[What is required] Reproduce verbatim all of the data given below, but do not carry over the images.

<<<<

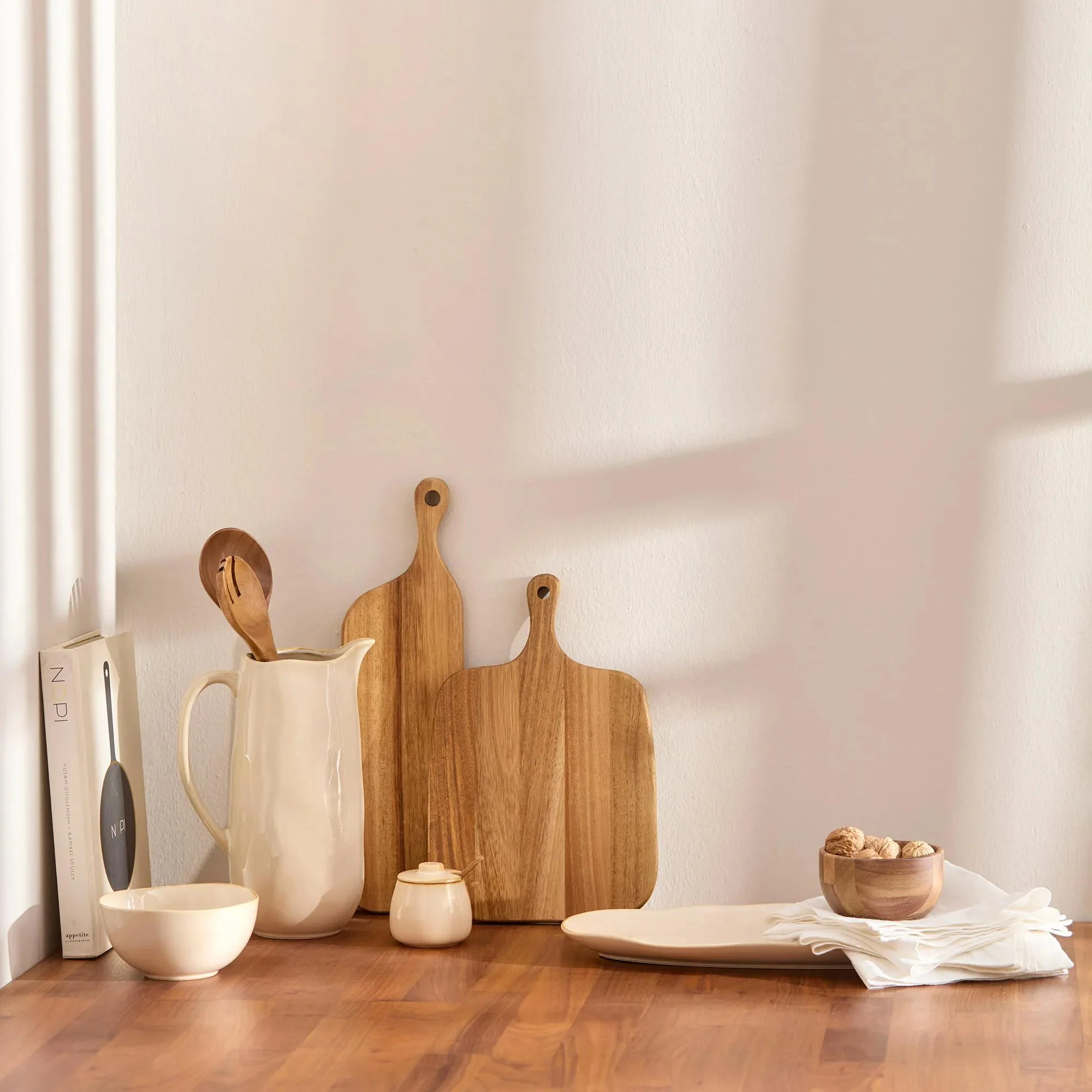 Ceramic Pitcher - Image 3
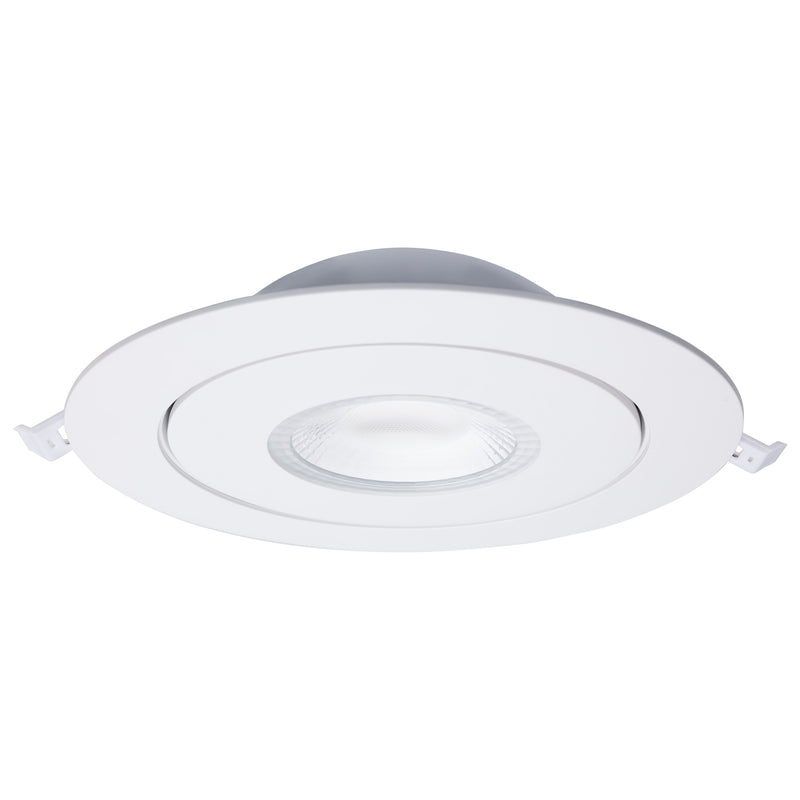 LED Smart Directional Downlight - 6" White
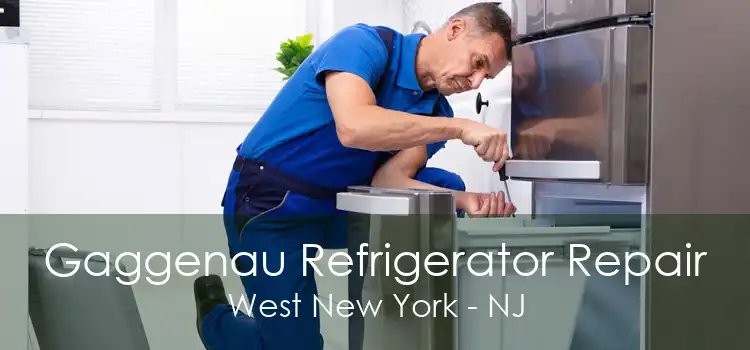 Gaggenau Refrigerator Repair West New York - NJ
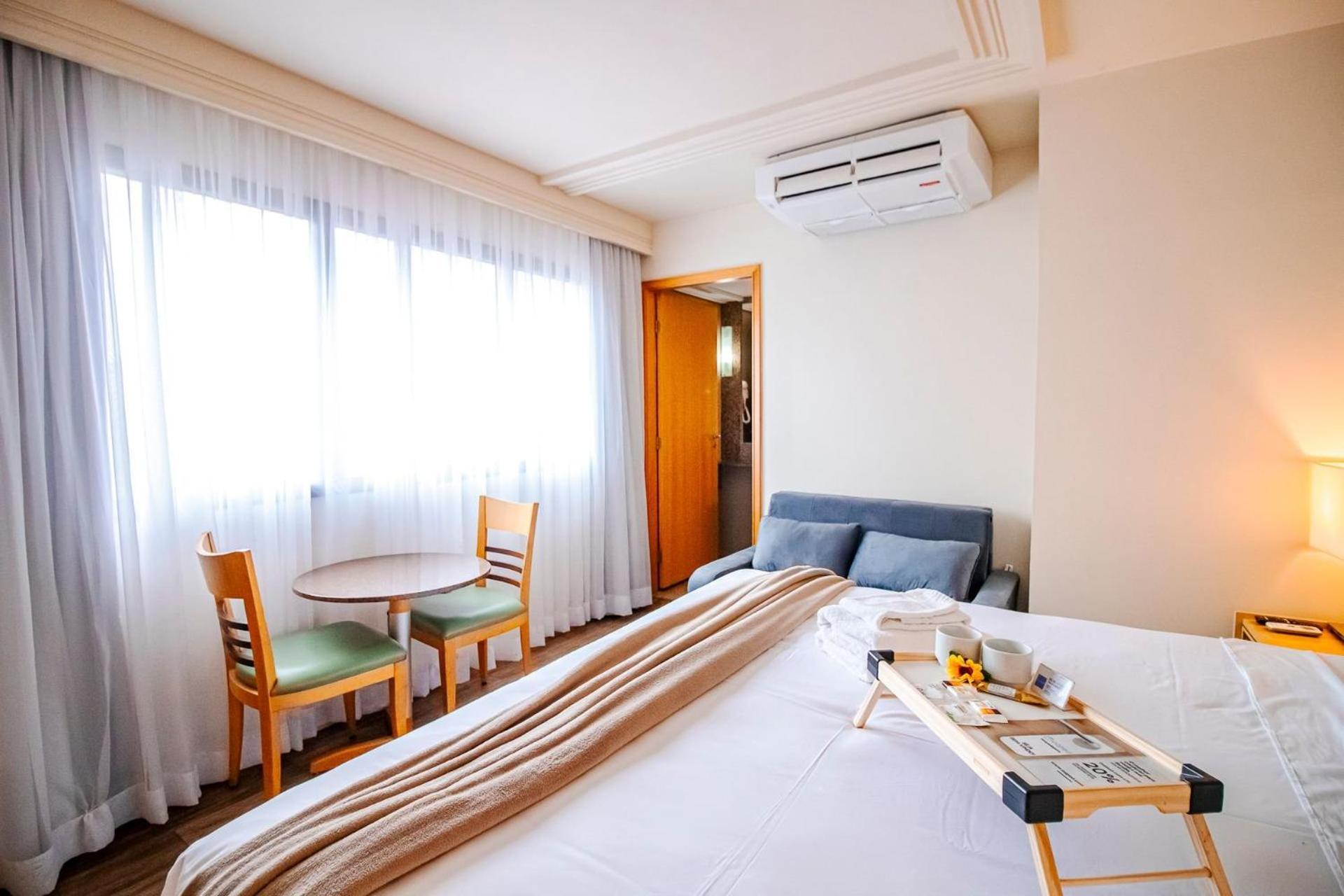 Apartamento Fusion Vision Hplus Asa Norte - Particular Brasilia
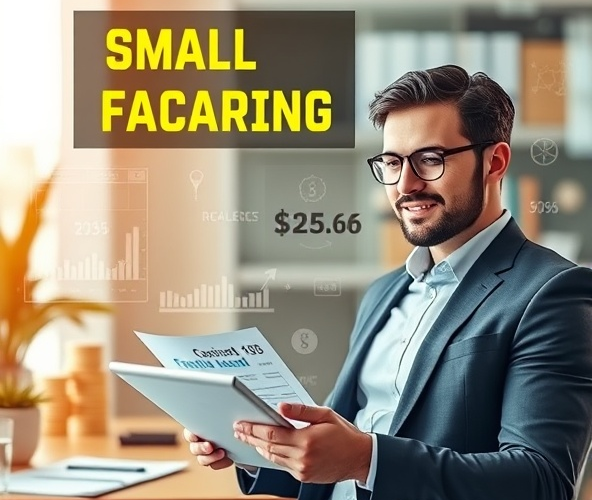 Jak efektywnie wdrożyć faktoring dla małych firm, aby poprawić płynność finansową i zarządzać ryzykiem płatniczym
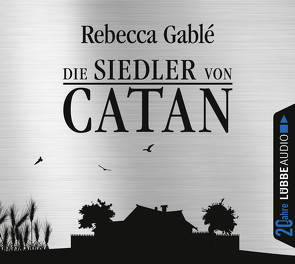 Die Siedler von Catan von Bierstedt,  Detlef, Gablé,  Rebecca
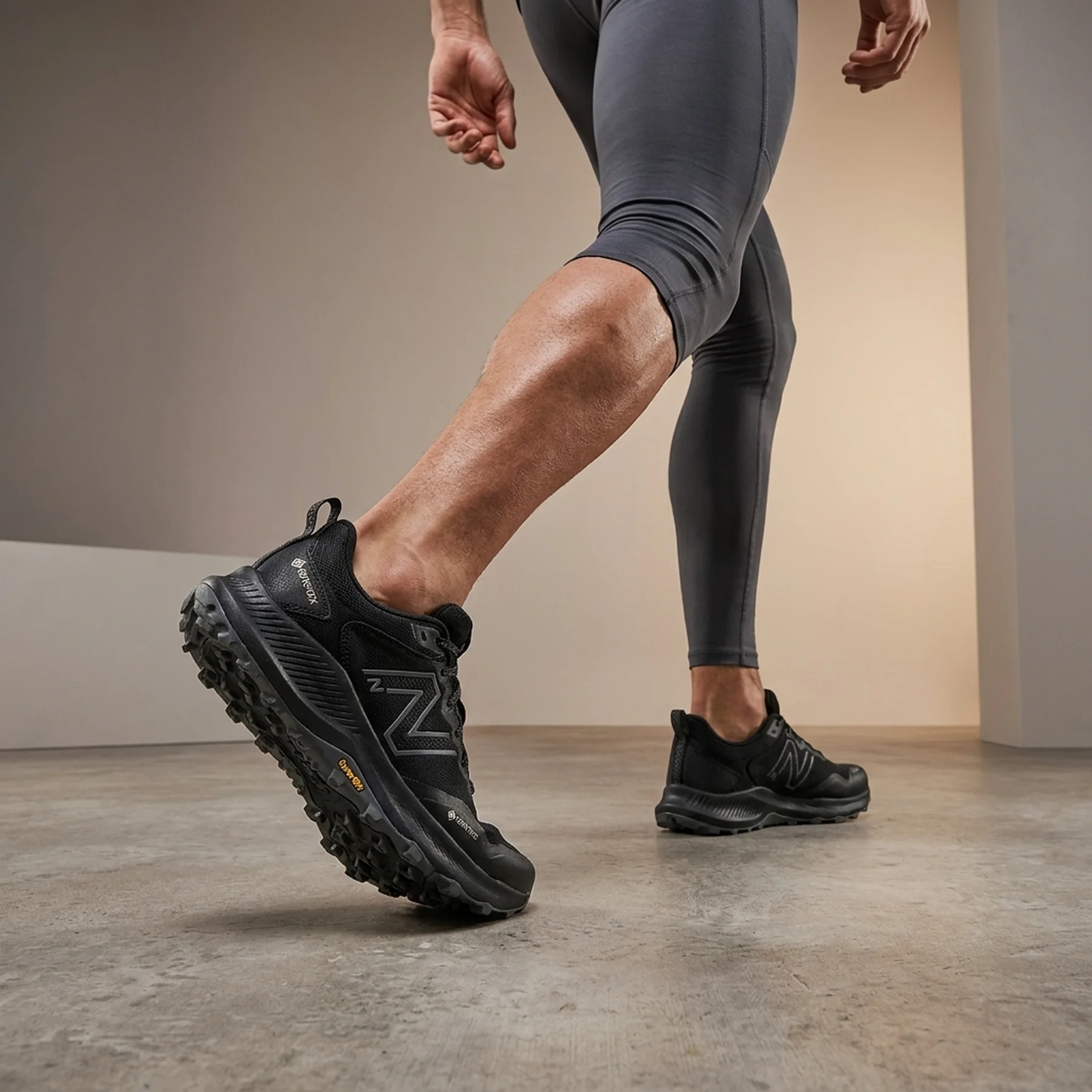 Кросівки чоловічі New Balance Dynasoft Nitrel V6 Gore-Tex (MTNTRGB6)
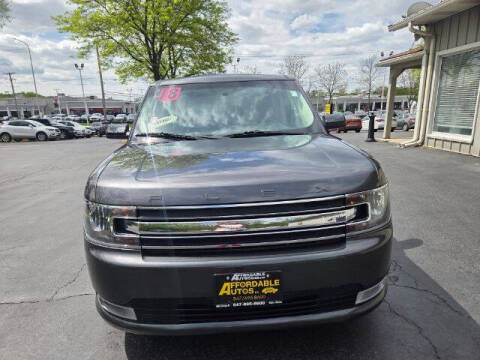 2018 Ford Flex SEL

>>>>

[Exercise output]
 Ceramic Pitcher - Image 3
 LED Smart Directional Downlight - 6" White
 Gaggenau Refrigerator Repair West New York - NJ
 Apartamento Fusion Vision Hplus Asa Norte - Particular Brasilia
 Jak efektywnie wdrożyć faktoring dla małych firm, aby poprawić płynność finansową i zarządzać ryzykiem płatniczym
 Die Siedler von Catan von Bierstedt,  Detlef, Gablé,  Rebecca
 Кросівки чоловічі New Balance Dynasoft Nitrel V6 Gore-Tex (MTNTRGB6)
 2018 Ford Flex SEL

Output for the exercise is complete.